In order to remain compliant with financial regulations, Johnson University faculty are considering a new approach to attendance policies: Becoming a “Non-Attendance Tracking School” as defined by the U.S. Department of Education.
This proposition came down through the Provost’s office and the Academic Council, which includes representatives from all areas of the university, such as financial aid, academic support, the deans of the schools, and more.
The policy will be voted on in November by the full faculty on both Tennessee and Florida campuses. If approved, the change will go into effect this spring semester.
“When federal regulations change, we have to change our policy in response to that,” said Tommy Smith, Vice President for Academic Affairs and Provost.
Smith said becoming a Non-Attendance Taking School means the university cannot have a blanket policy requiring class attendance. However, individual school and professors may still require attendances part of their course requirements.
“We can’t as Johnson require attendance, but individual schools and professors can require attendance,” he said.
According to the proposal, professors must record attendance at the beginning of the course to determine that students have started a specific class.

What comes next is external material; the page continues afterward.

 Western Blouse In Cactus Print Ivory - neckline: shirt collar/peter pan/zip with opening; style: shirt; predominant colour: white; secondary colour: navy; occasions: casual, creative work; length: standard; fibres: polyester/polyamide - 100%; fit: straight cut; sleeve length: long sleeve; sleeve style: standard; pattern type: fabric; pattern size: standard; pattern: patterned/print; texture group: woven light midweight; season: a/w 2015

Professors will then take attendance again on a specific Add/Drop date, “to ensure they [students] have maintained their enrollment.” This process is known as enrollment verification.

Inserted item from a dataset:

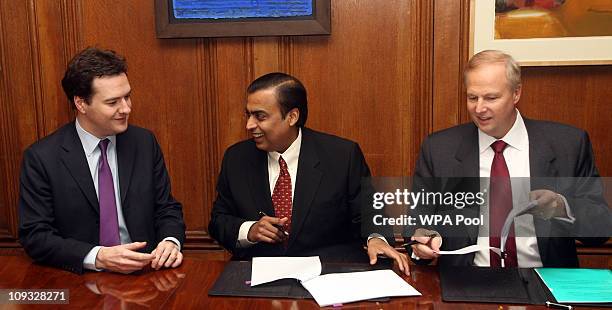 Chancellor George Osborne, Mukesh Ambani, Chairman and Managing Director of Reliance Industries, and Robert Dudley, CEO of BP, during a signing...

“Each school will set a certain policy for all their courses and each professor will have that in their syllabus,” Smith said.
Individual schools, programs and professors all have the option to assess student participation in class through various ways such as tests, quizzes, class discussions, online discussions, direct interaction with the professor, Sakai participation, participation in study groups and/or submitted assignments.
Smith said, “[With the current system] we have to determine within 14 days when the student stopped going to class.”
However, the current six allotted absences for a traditional face-to-face class could span a time longer than 14 days, and is out of compliance with federal regulations. Johnson University would face fines if it continued with the same system for attendance.
Smith said the new system would “put us in regulation and make it easier to report” as enrollment would only be submitted at the beginning of the class and at midterm.
Allowances will still be made for students who must miss classes for sports or choir.
If faculty approve the change, midterm reporting will be used for Johnson University’s federal reporting.
Students who have stopped attending class may be reported to the Vice Provost for Academic Services for retention purposes or, if necessary, to Financial Aid.
Students who no longer attend classes may be at risk of losing federal grants, and may even jeopardize federal loans.
With roughly 70 percent of Johnson students receiving financial aid, it is vital to be aware of this possible shift to becoming a Non-Attendance Tracking School.
If the policy is approved, students are responsible for reading the attendance guidelines outlined in the syllabus for each class they take.
“We’ve got two values: We want to meet all federal requirements [and] we want students to stay in school,” Smith said. “We still value attendance in class. It’s just a different way of approaching attendance.”
The bottom line? Just keep going to class.